WORK ITEM - Please give the number of lines in the material below that contain "Photo", and provide nothing besides that number.

MATERIAL PROVIDED -
+++++

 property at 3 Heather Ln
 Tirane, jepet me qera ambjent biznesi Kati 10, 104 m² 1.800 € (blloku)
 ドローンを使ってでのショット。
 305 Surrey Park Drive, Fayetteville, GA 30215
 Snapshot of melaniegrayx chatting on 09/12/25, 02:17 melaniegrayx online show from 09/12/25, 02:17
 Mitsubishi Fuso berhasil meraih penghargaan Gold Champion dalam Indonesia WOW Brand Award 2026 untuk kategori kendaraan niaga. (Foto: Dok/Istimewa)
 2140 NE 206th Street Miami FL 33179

+++++

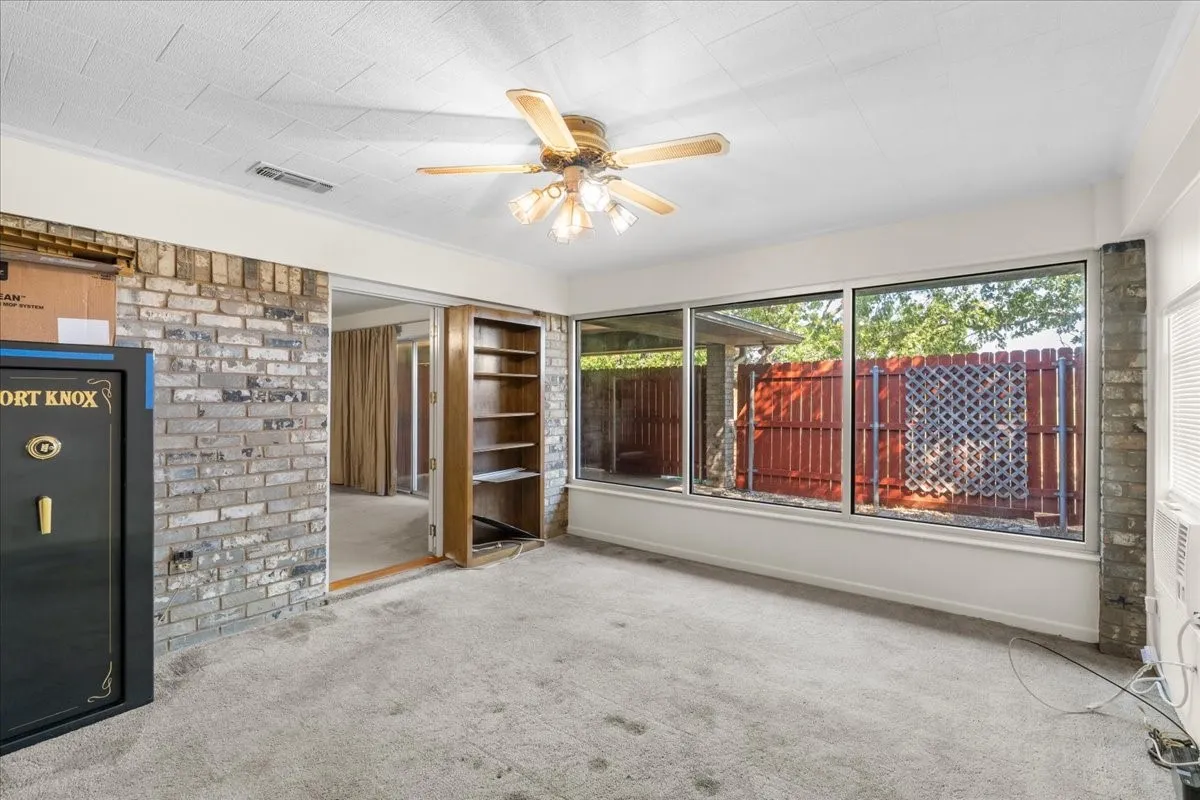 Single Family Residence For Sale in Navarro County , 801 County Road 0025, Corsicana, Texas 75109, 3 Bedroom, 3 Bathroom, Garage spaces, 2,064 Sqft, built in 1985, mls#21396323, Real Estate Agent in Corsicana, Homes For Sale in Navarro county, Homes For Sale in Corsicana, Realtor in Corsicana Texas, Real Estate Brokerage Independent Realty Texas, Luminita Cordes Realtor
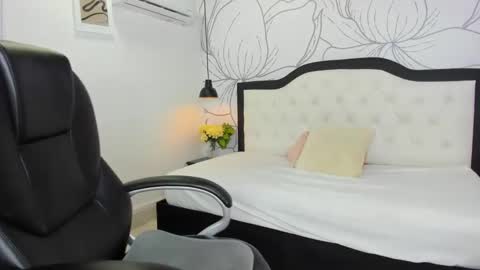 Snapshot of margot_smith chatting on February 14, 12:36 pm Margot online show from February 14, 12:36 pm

+++++

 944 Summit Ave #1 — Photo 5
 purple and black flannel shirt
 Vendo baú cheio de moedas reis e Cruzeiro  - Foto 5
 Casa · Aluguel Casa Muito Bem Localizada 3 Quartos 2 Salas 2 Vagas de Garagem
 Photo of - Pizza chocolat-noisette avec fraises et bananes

+++++

TASK OUTPUT - 2